Scraped caption text data

>>>>>

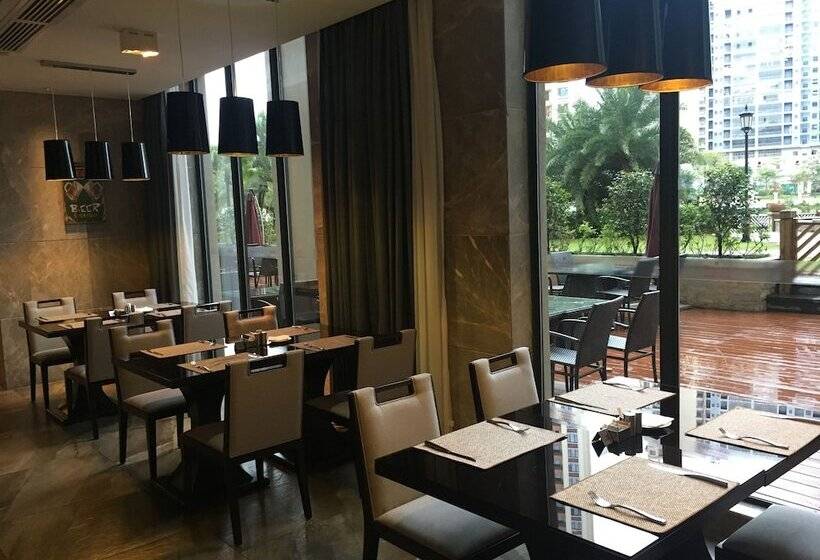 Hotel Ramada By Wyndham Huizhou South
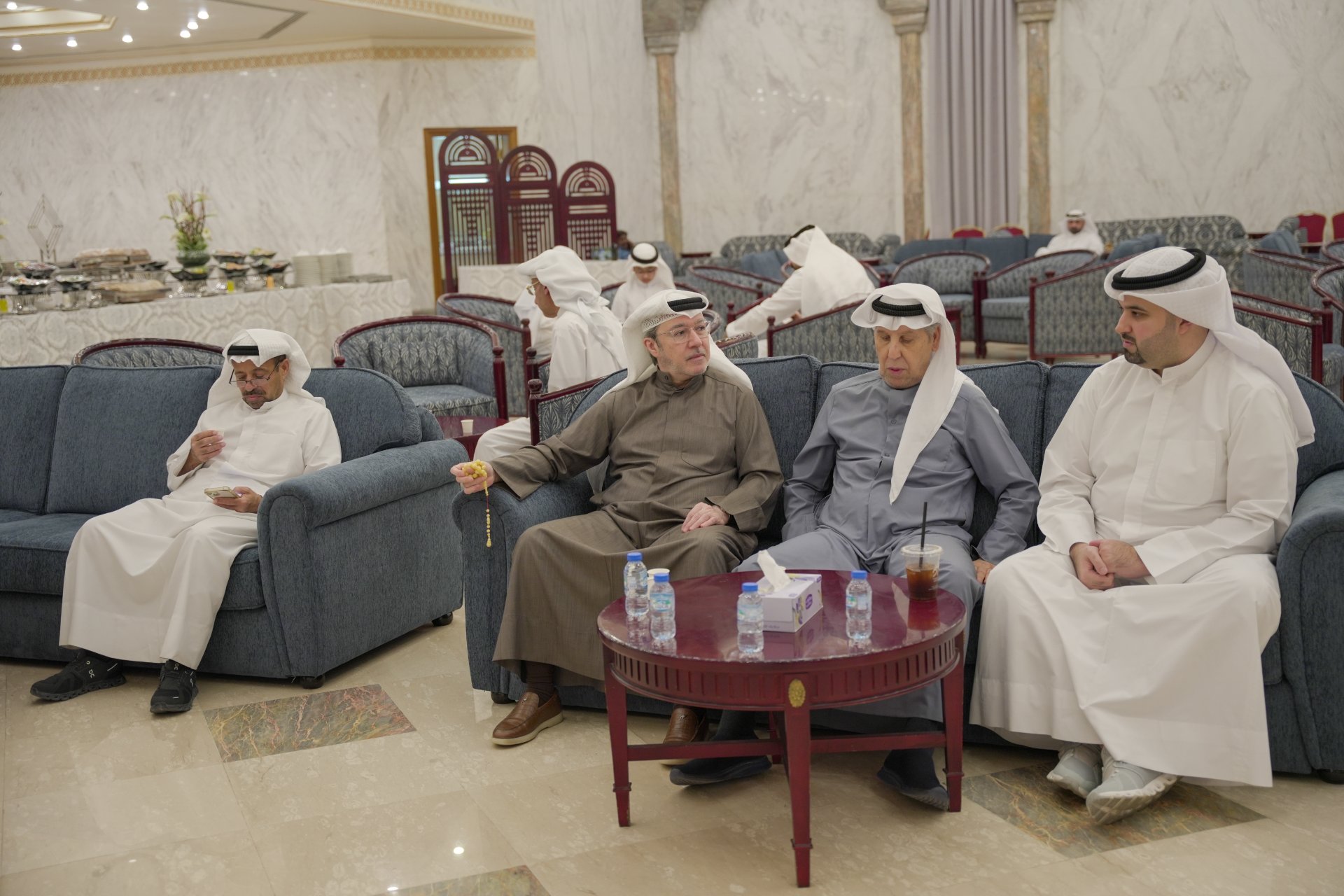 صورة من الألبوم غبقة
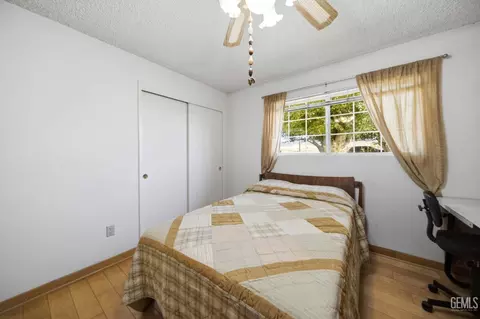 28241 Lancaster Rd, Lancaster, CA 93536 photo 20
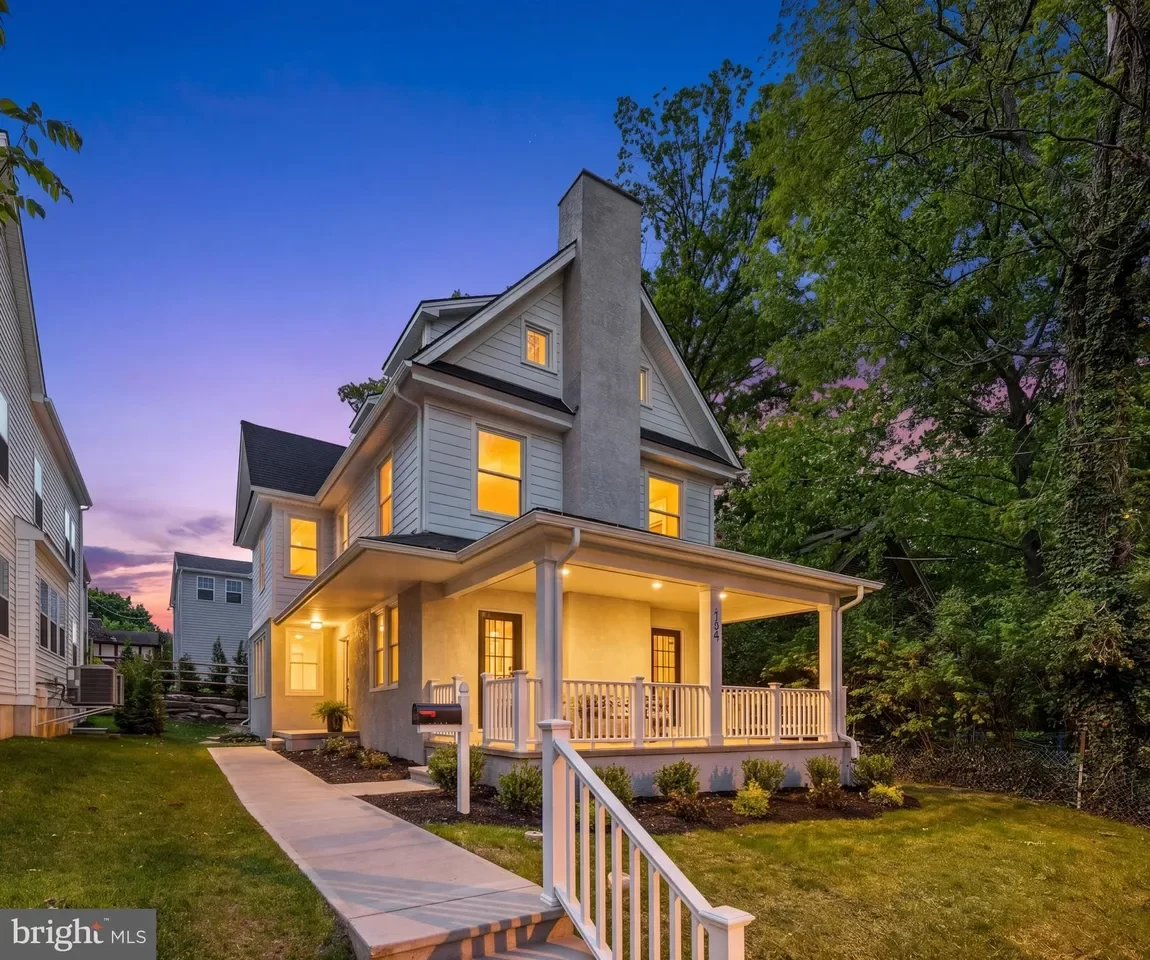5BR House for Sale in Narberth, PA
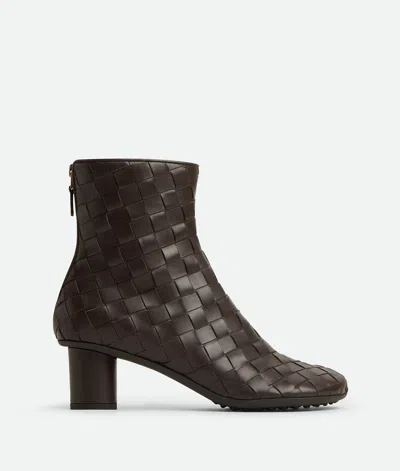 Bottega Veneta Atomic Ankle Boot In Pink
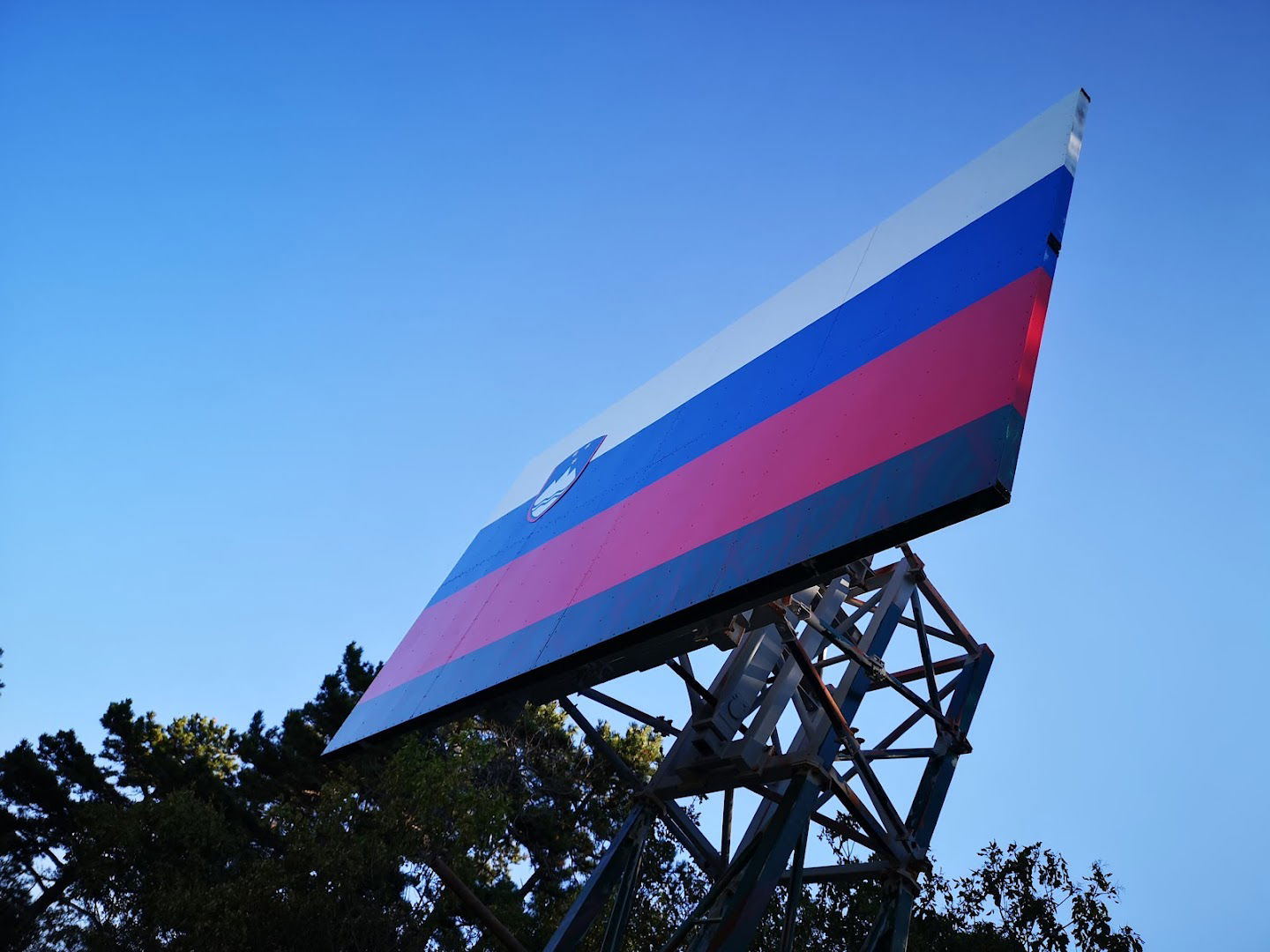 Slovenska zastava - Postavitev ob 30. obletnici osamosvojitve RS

<<<<<

What you will do -
Leaving the pictures aside, repeat the data above exactly.

Result for this task -
 Hotel Ramada By Wyndham Huizhou South
 صورة من الألبوم غبقة
 28241 Lancaster Rd, Lancaster, CA 93536 photo 20
5BR House for Sale in Narberth, PA
 Bottega Veneta Atomic Ankle Boot In Pink
 Slovenska zastava - Postavitev ob 30. obletnici osamosvojitve RS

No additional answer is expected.